Contact Information
last updated: 10/22/2010

Sound: A Simple Introduction to its production

Acoustic and Perceptual Worlds

     It may be commonplace to point out that acoustic reality and perceptual reality are different. In a live performance situation, for example, no matter how still the audience, the environment will be full of sounds extraneous to the music. If a tape recorder were positioned somewhere in the midst of such a situation, and if a segment of the resulting tape were submitted to digital sound analysis, the results would highlight the difference between what one heard during the performance (what is presumably captured on the tape), and what analysis confirms the tape actually contains. Sound analysis reveals the behavior of sound in the physical world. In this case, analysis would show that soundwaves from all the sound sources in the environment -- the various instruments of the performance, perhaps the stirring of the audience, or the sound of vehicles passing beyond the confines of the performance context -- the multitude of acoustic elements that make up each of these sounds do not remain conveniently grouped by source. Rather, the components of all these sounds mix together, combining into a single, very complex waveform which is represented on the tape and revealed through analysis. This is because sound waves are additive, like waves in water, multiplying in quality rather than quantity.

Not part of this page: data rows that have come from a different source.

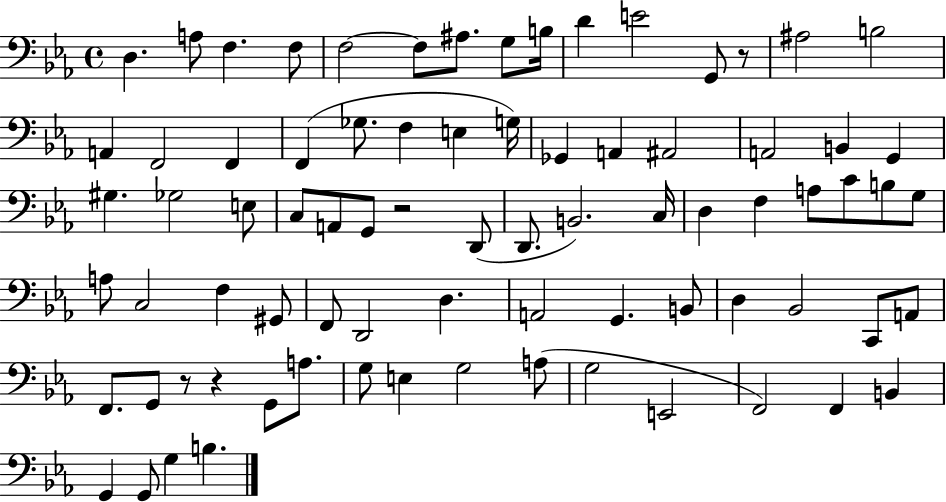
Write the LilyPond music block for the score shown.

{
  \clef bass
  \time 4/4
  \defaultTimeSignature
  \key ees \major
  d4. a8 f4. f8 | f2~~ f8 ais8. g8 b16 | d'4 e'2 g,8 r8 | ais2 b2 | \break a,4 f,2 f,4 | f,4( ges8. f4 e4 g16) | ges,4 a,4 ais,2 | a,2 b,4 g,4 | \break gis4. ges2 e8 | c8 a,8 g,8 r2 d,8( | d,8. b,2.) c16 | d4 f4 a8 c'8 b8 g8 | \break a8 c2 f4 gis,8 | f,8 d,2 d4. | a,2 g,4. b,8 | d4 bes,2 c,8 a,8 | \break f,8. g,8 r8 r4 g,8 a8. | g8 e4 g2 a8( | g2 e,2 | f,2) f,4 b,4 | \break g,4 g,8 g4 b4. | \bar "|."
}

In the simplest possible terms, what digital analysis uncovers are the acoustic features of the sounds captured by the tape recorder; what are actually heard are the perceptual features of the same sounds. The acoustic and perceptual characteristics of sound are not the same, nor in many cases is there a one-to-one correspondence between them.

Parameters of Sound

     In a very general sense, sounds in a normal environment consist of the acoustic elements each characterized by a specific frequency, amplitude, and duration. In the perceptual world, these parameters correspond to the sensations of pitch, loudness, and existence over time, respectively. Again in a general sense, sounds in the real world can be categorized as periodic or aperiodic. Periodic sounds are those emitted by a source that produces regular vibrations over time, resulting in a collection of frequencies called harmonics, partials, or overtones. Harmonic frequencies originating from the same source are related in that they occur in multiples of the lowest frequency, referred to as the fundamental frequency. Thus, a collection of harmonically related frequencies, of which the fundamental is 200 Hz, would occur with frequencies of 400 Hz, 600 Hz, 800 Hz, 1000 Hz, 1200 Hz, etc.

Noise and Tone

     Perceptually, a periodic sound can be defined by the fact that it usually produces a distinct sensation of tonal pitch; the sustained portion of many musical instruments and much of speech consists of periodic sound. Aperiodic sounds are those which most often occur perceptually as noise. Acoustically, noise is defined as a random collection of frequencies from a single source which are not harmonically related and whose waveform is therefore irregular. Different kinds and sensations of noise can be distinguished by the bandwidth (or frequency range) in which the random frequencies of the noisy signal occur. Sporadic noise is a component of most natural musical instruments, especially in the attack phase; it has been shown, in fact, that the noisy onset of an instrumental tone is very important, in some cases necessary, for listener recognition of familiar instruments. In speech, noise is a primary component of many consonants.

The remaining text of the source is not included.